La résilience, l’une des grandes leçons à tirer de cette pandémie
« Nous devons apprendre à investir en temps de paix. Une grande partie de ce qui se passe aujourd’hui se produit dans un contexte de crise », a-t-elle déclaré, exprimant l’espoir que d’ici la prochaine crise, l’Afrique sera dans une meilleure situation en termes d’accès et de résilience, avec des systèmes de santé plus solides. Tajudeen Raji, le chef de la Division des instituts et de la recherche en santé publique, Centre Africain de Contrôle et de Prévention des maladies (CDC Afrique), a notifié que la collaboration avec des partenaires, dont l’OMS, a été la clé de la réussite de l’Afrique en matière de vaccination. “Avant même que la première vaccination ne soit approuvée, nous savions que l’Afrique serait au bout de la file d’attente et qu’elle se répercuterait après que chacun ait pris sa part”, a-t-il affirmé. Raji a mentionné la récente réunion des chefs d’État de l’Union africaine qui a discuté d’un rapport couvrant des questions telles que la manière dont l’Afrique peut renforcer les situations sanitaires sur le continent, augmenter les ressources humaines et renforcer les capacités locales de fabrication de vaccins.
Pour Abebe Aemro Selassie, Directeur du département Afrique du FMI, a ‘’les arguments économiques profonds en faveur d’une très forte capacité de fabrication sont tout simplement une évidence et doivent être poursuivis.”

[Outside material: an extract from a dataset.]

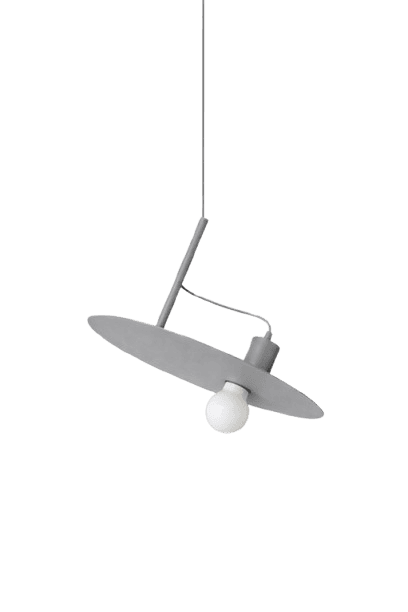 D1201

Il a plaidé pour que les capacités soient renforcées et a appelé à “un partage plus open source de la technologie, du savoir-faire, va être très important, en particulier dans les situations de pandémies et d’urgences mondiales”. « Les pandémies peuvent mettre les économies à genoux », a-t-il déclaré, expliquant que la résilience doit être l’une des grandes leçons à tirer de cette pandémie.

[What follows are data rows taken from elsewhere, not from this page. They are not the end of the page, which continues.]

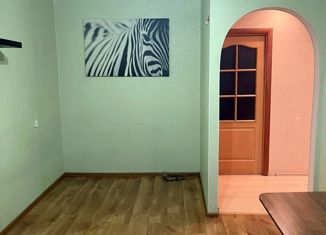 Продажа двухкомнатной квартиры, 47.4 м2, городской посёлок Рощино, Советская улица, 25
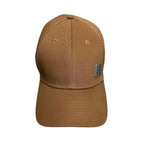Giordano Unisex Baseball Cap - Premium Cap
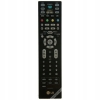 Pilot TV LCD LG MKJ39170804 Oryginalny + Baterie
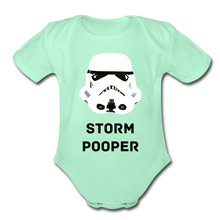 Load image into Gallery viewer, Storm Pooper - AWESOME-NERDOM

Mo Ibrahim, Fondateur et Président de la Fondation Mo Ibrahim, est intervenu pour dire que, selon lui, le refus de se faire vacciner est « un phénomène mondial – la défiance vaccinale n’a rien d’africain ». Il a souligné « nous avons tous été déçus également de la façon dont l’Europe a agi pour protéger sa propre industrie pharmaceutique” sur la question des droits de propriété intellectuelle.

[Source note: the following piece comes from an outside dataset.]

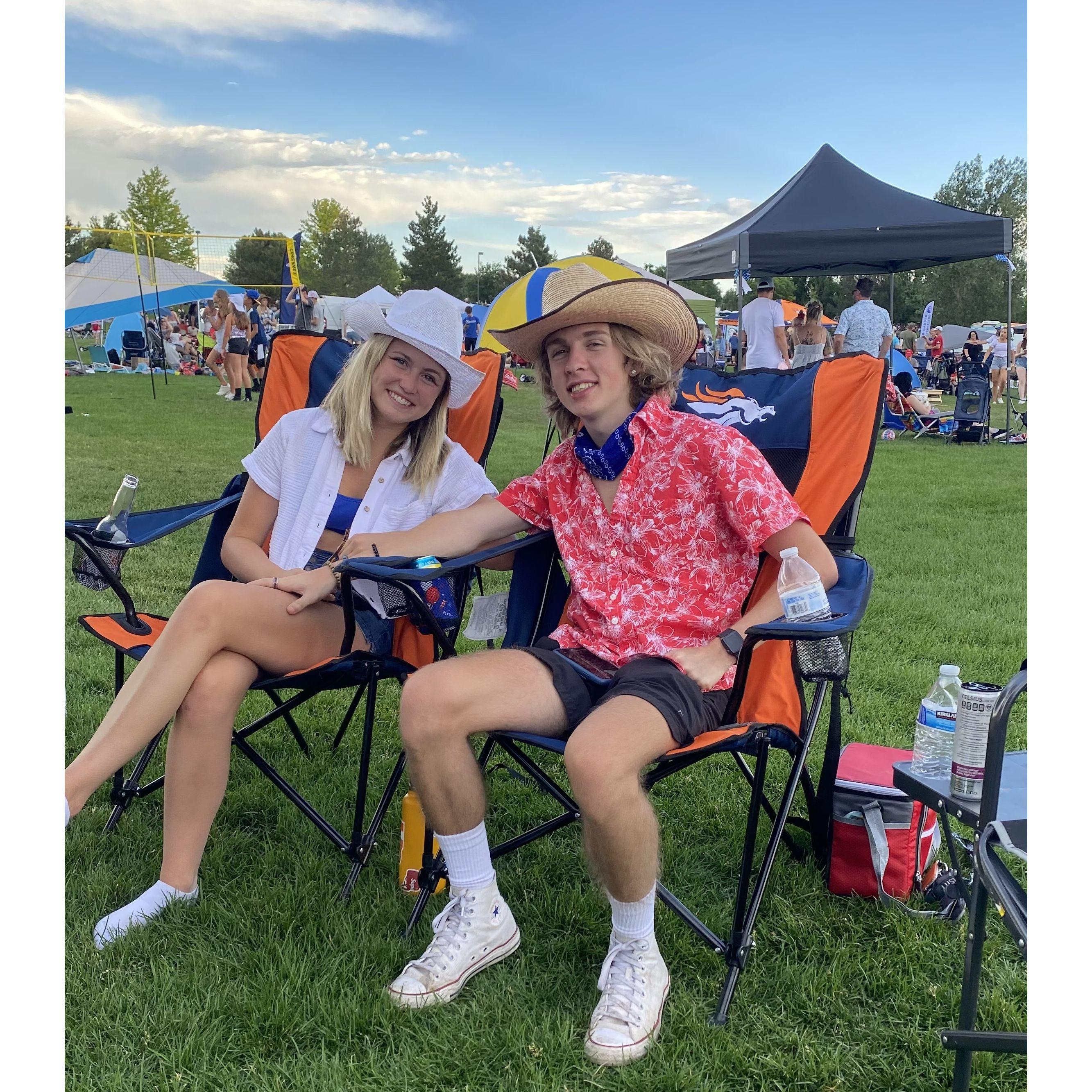 July 4th, 2022 - 4th of July 2022.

Mo Ibrahim a ajouté que « nous, les Africains, avons commis des erreurs et nos systèmes de santé sont trop faibles. Nous dépensons 1,9 % du PIB dans nos systèmes de santé, bien en deçà de la moyenne mondiale et nos systèmes statistiques sont lacunaires.”
M. Urpilainen a rappelé que les dirigeants politiques devaient donner la priorité à leurs citoyens, et que l’UE avait fait preuve d’une « solidarité » exceptionnelle envers ses partenaires africains. « Beaucoup reste à faire, a-t-elle dit, et ce n’est qu’ensemble que nous pourrons concevoir des solutions durables pour nos deux continents. » En amont du 6eme Sommet UA/UE, la Fondation Afrique Europe partagera les principaux éléments de ces trois grands Débats – Energie/Climat ; Migrations/Mobilité ; Access aux vaccins et Autonomie sanitaire, de nature à nourrir les échanges entre Chefs d’état des deux continents.
A propos de la Fondation Afrique-Europe
La Fondation Afrique-Europe est une entité de consortium cofondée par les Amis de l’Europe (Friends of Europe), la Fondation Mo Ibrahim, en partenariat avec la Fondation Africaine pour le Climat (African Climate Foundation) et l’organisation ‘ONE campaign’. Elle rassemble une multitude d’acteurs, de la société civile aux entreprises, des politiques à la jeunesse, à travers l’Afrique et l’Europe. L’objectif de la Fondation Afrique-Europe est de faciliter des dialogues multipartites, de catalyser des partenariats et de débloquer de nouvelles opportunités qui peuvent contribuer à transformer les relations Afrique-Europe.